When he kissed her, she told herself to pull away, to say she wasn’t interested, but she was. Even if “this life” wasn’t for her.
v.
Aggie Dickerson Bigelow looked out at her father-in-law, who sat on the lawn in his bathrobe. While his sons stalked back and forth before him, Charles methodically cleaned his shotgun, as though preparing to use it on himself… or them.
Unseemly, that’s what it was. Downright unseemly for them to be treating him so. He had risen high in his life, all the way to the Massachusetts State House, and now they were fighting over his leavings before he was even gone.
Clarence wanted him to sign a permission so that they could exercise the subdivision plan that he and Elwood had agreed upon in 1904: a cottage colony from marsh to beach to creek. Agnes’s husband, Ethan, wanted a more stately development, something they could propose to Rake as well.
“Elwood will go for anything, especially if we call it Elwood Manor. But Rake, he likes his privacy.”
“I’ve decided I like this island just like it is,” said Charles. “In a few months, you can do whatever you want.”
“But, Pa”—Ethan sat his heavy ass down on the chair next to his father—“your name on a plan will mean a lot to the Hilyards. They respect you.”
Charles went on cleaning, oiling, polishing, checking the sight. His sons talked at him for a time, then turned their attention to each other, and the argument grew hotter. Many cottages or a few houses? Several small gambles or a few big ones? Summer hordes or people of quality? And finally—boom!

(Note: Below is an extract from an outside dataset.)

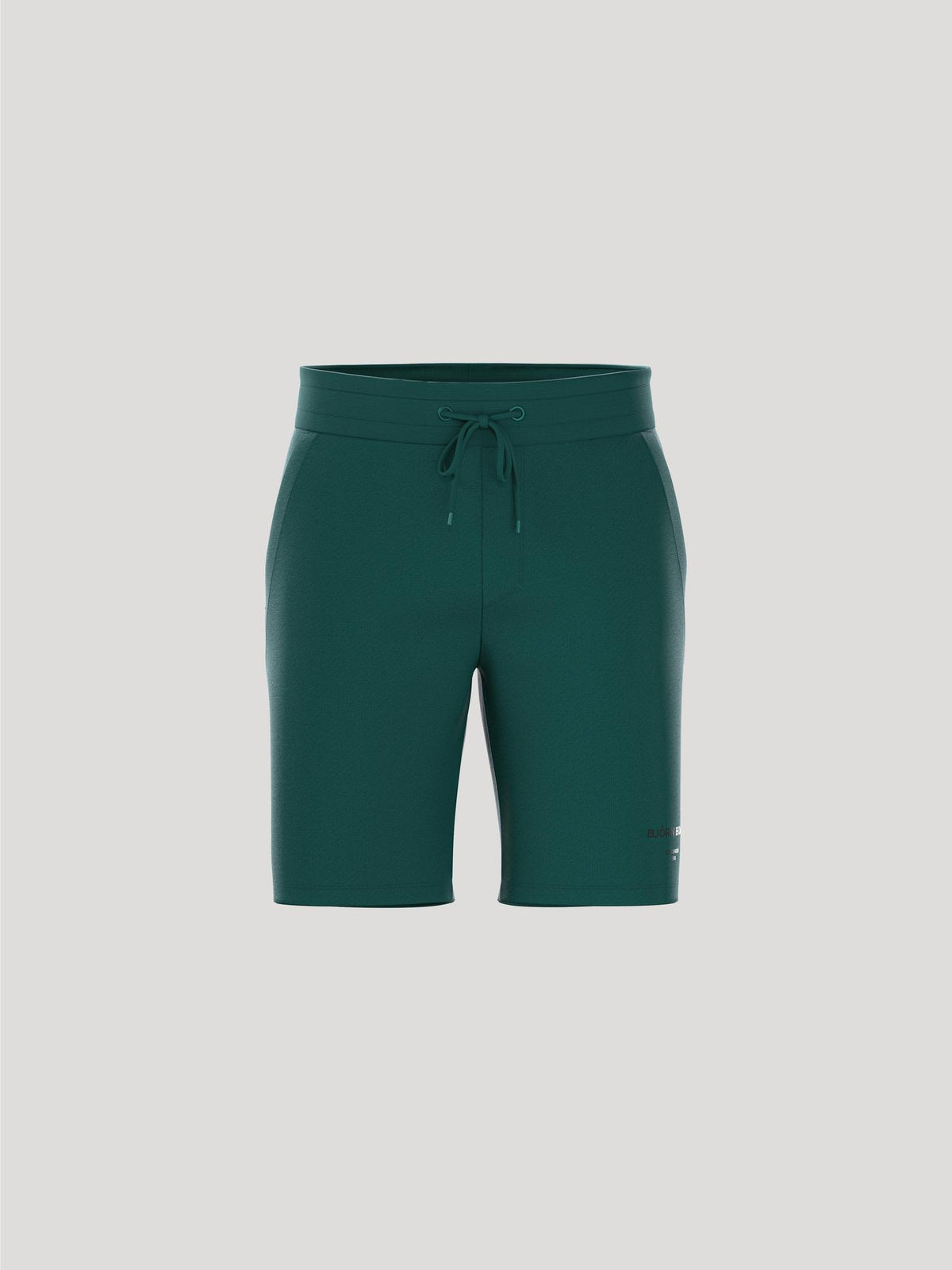 BJÖRN BORG Borg Essential 1 Sweatshorts Forest Biome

Aggie went running out the door, half expecting to see someone dead on the lawn. A gray puff of smoke was blowing off toward the beach. The two sons were standing like trophy animals, stuffed and mounted. The subdivision blueprint for Pilgrim’s Rest at Jack’s Island was fluttering on the little table between them. And Charles stood over it, gun in hand. “I am still the master of this place, and I will agree to nothing that chews it up while I’m alive.”